=== Exercise data ===
--------------------------------
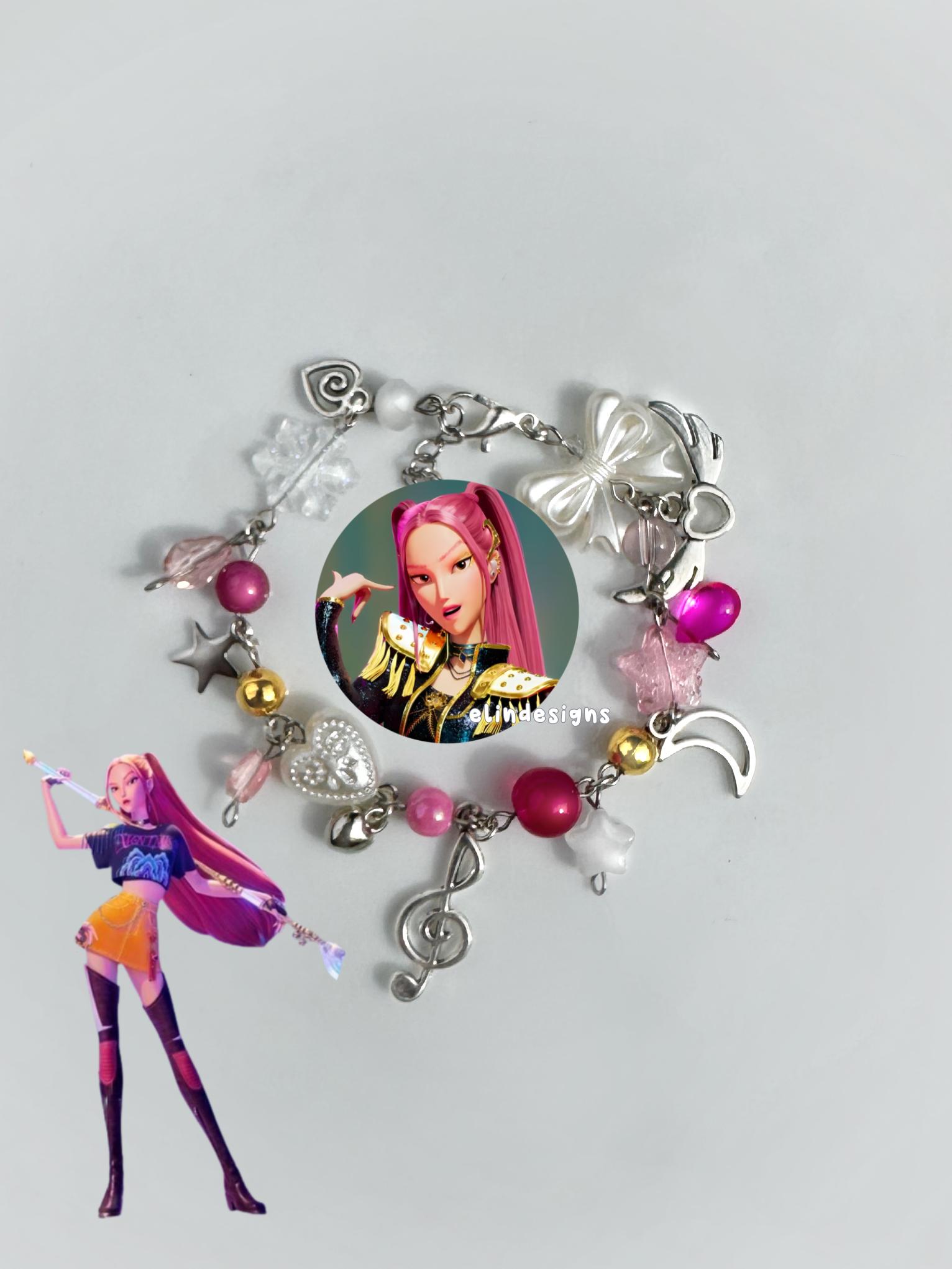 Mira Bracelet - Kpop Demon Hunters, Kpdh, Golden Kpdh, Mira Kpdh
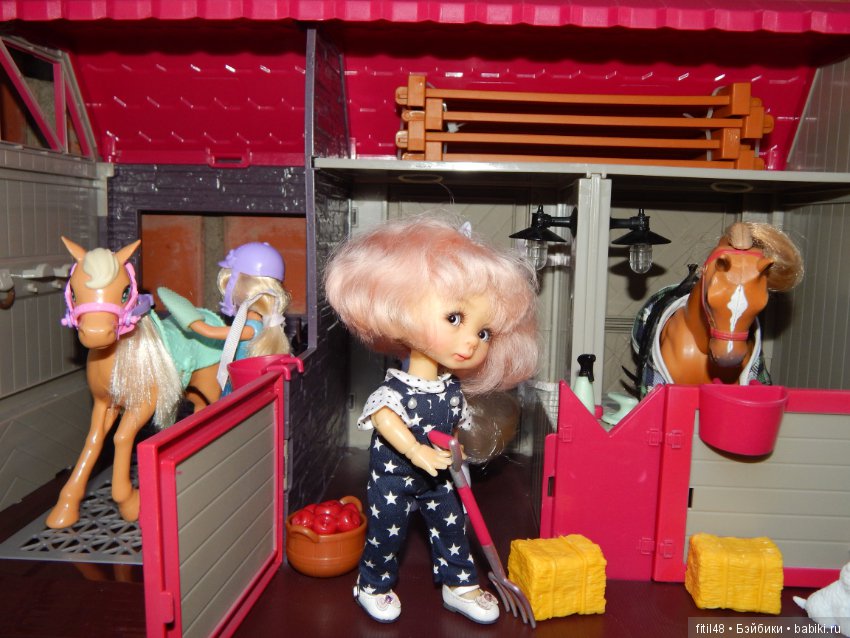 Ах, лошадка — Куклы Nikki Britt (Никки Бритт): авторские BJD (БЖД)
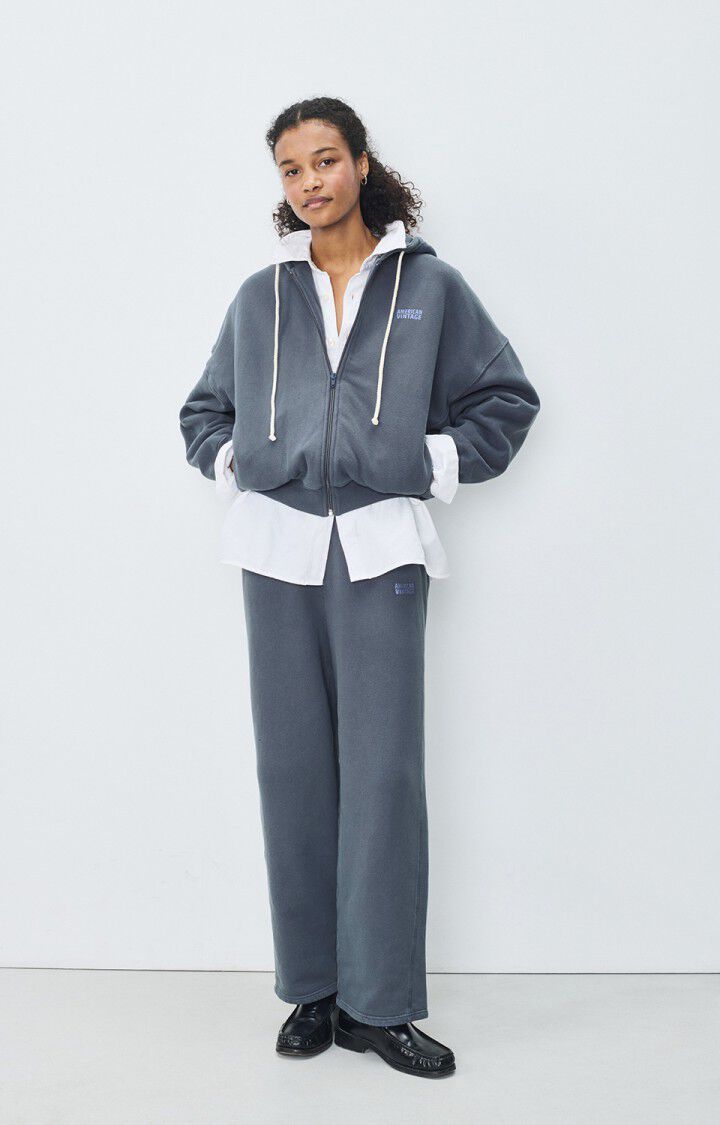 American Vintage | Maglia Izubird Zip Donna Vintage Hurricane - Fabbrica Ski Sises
--------------------------------
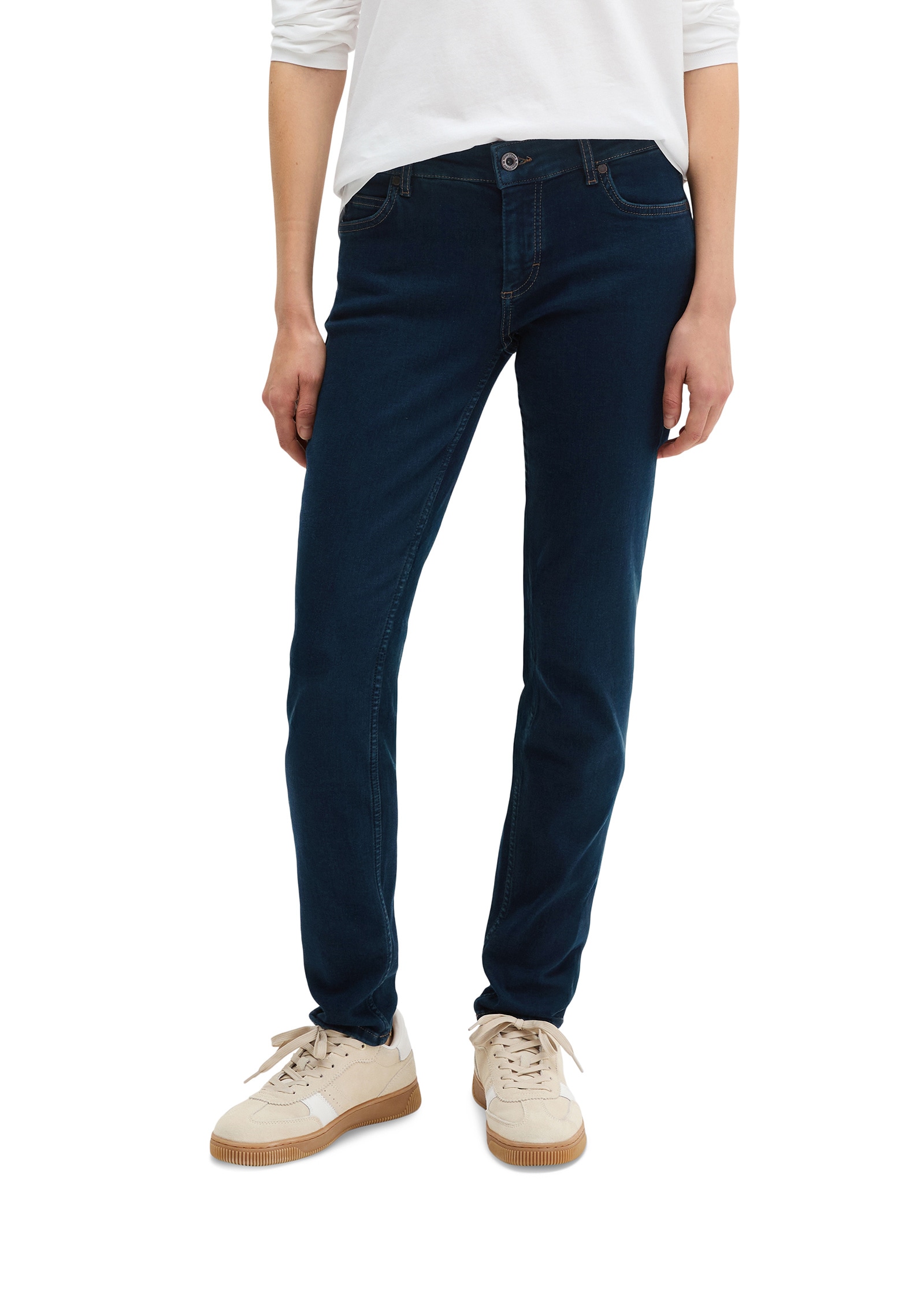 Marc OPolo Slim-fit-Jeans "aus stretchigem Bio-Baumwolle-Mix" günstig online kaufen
--------------------------------
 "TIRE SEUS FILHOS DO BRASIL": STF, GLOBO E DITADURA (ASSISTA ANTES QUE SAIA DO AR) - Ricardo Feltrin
--------------------------------
=== What is required ===
Precisely those lines above that run from the line with "Mira Bracelet - Kpop" up to and including the line with "American Vintage |" are to be set down, with the pictures omitted.

=== Task output ===
 Mira Bracelet - Kpop Demon Hunters, Kpdh, Golden Kpdh, Mira Kpdh
 Ах, лошадка — Куклы Nikki Britt (Никки Бритт): авторские BJD (БЖД)
 American Vintage | Maglia Izubird Zip Donna Vintage Hurricane - Fabbrica Ski Sises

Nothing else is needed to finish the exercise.